--- RECORDS FOR THE TASK ---

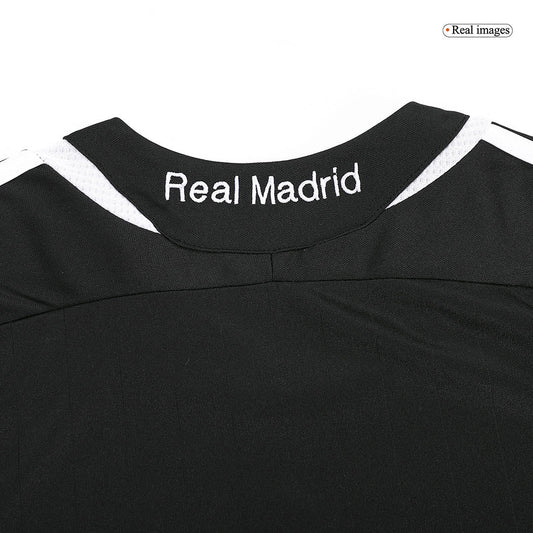 Camiseta de fútbol vintage del Real Madrid BECKHAM #23 Visitante 2006/07
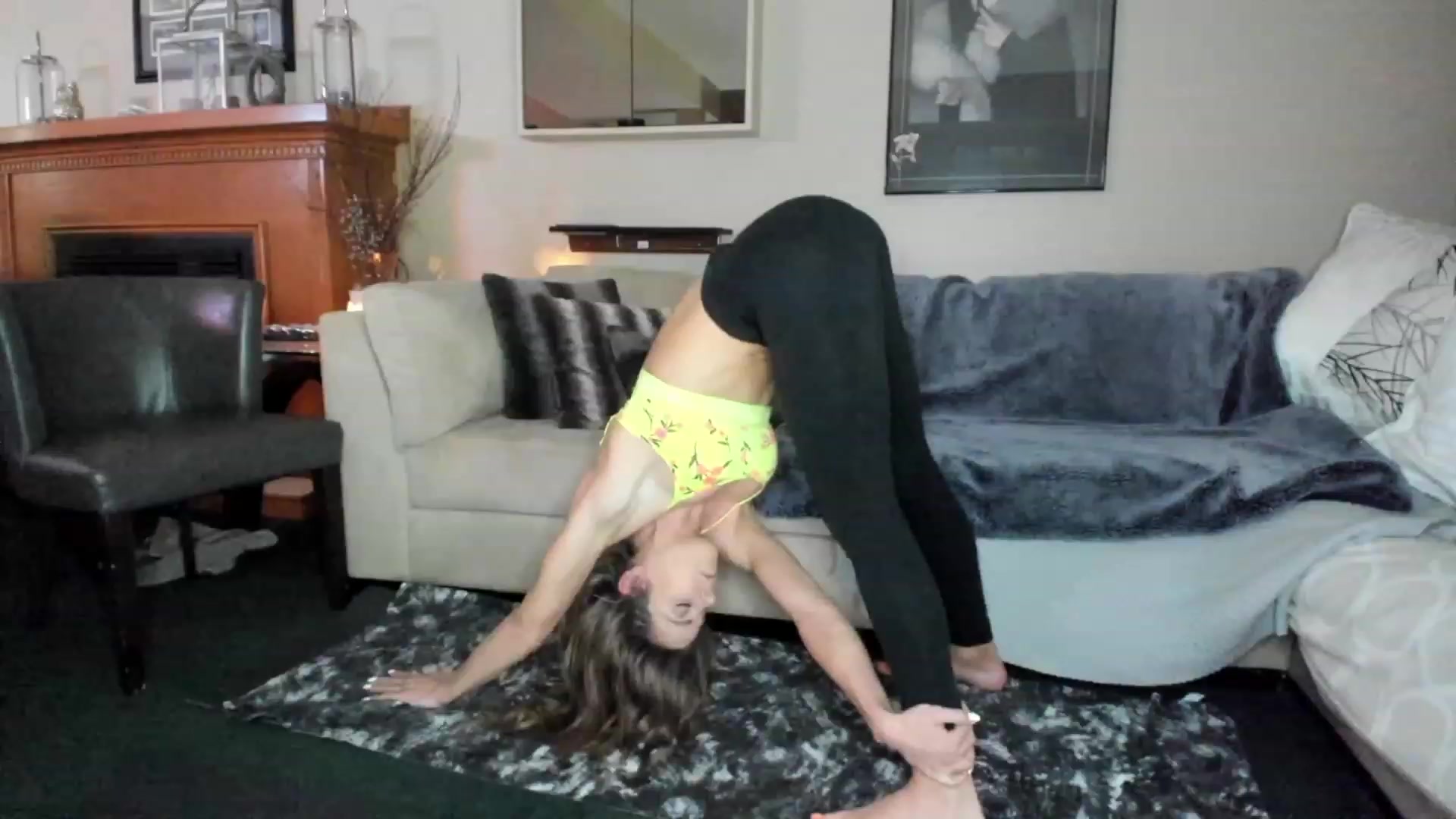 Gallery image thumbnail from Auvrielle's myfreecams stream on, 12/05/2022, 18:48 image 16 of 20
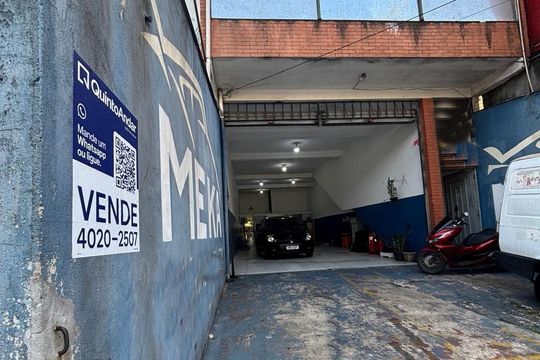 Fachada  de casa à venda com 3 quartos, 240m² em Jardim Palermo, São Bernardo do Campo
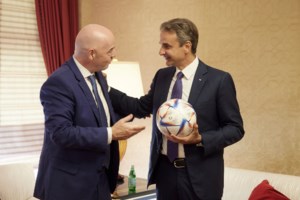 Συνάντηση Μητσοτάκη με τον Εμίρη του Κατάρ: Η Ελλάδα να γίνει η γέφυρα με την Ευρώπη για την ενέργεια - εικόνα 3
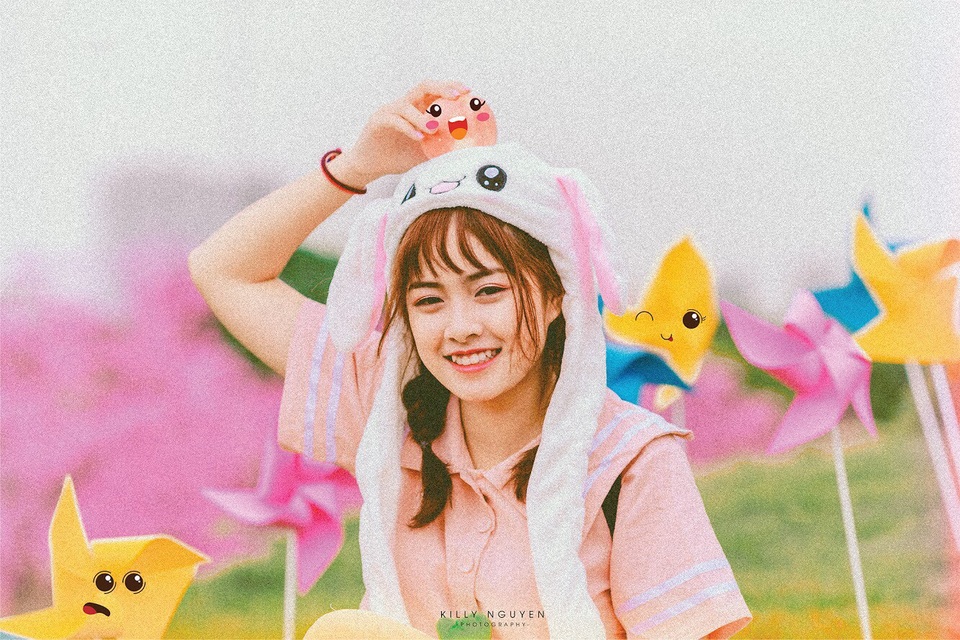 Hạnh đang là sinh viên Học Viện Tài Chính và đồng thời là người mẫu ảnh tự do.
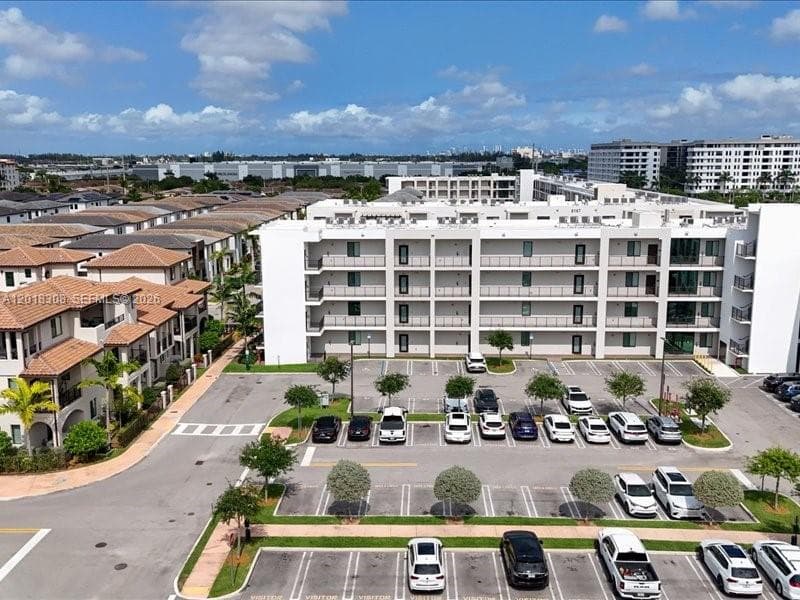 8201 NW 41st St # 205, Doral FL 33166 — 25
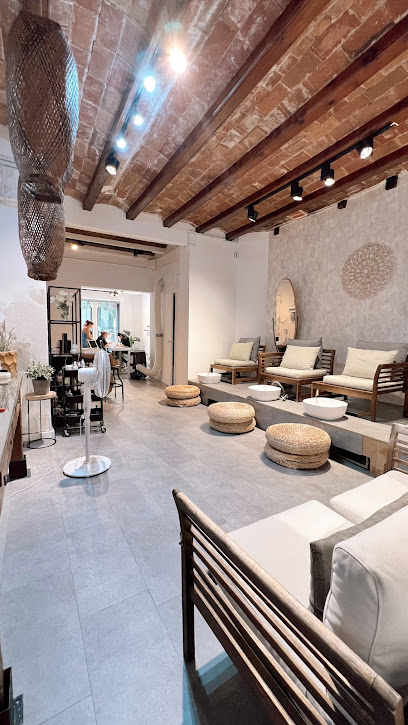 Oasis Urbano | Beauty Salón | Salón de Manicura y Uñas en Barcelona /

---

Repeat the data verbatim through the "Bernardo do Campo" line, no pictures.

- [EXERCISE ANSWER]
 Camiseta de fútbol vintage del Real Madrid BECKHAM #23 Visitante 2006/07
 Gallery image thumbnail from Auvrielle's myfreecams stream on, 12/05/2022, 18:48 image 16 of 20
 Fachada  de casa à venda com 3 quartos, 240m² em Jardim Palermo, São Bernardo do Campo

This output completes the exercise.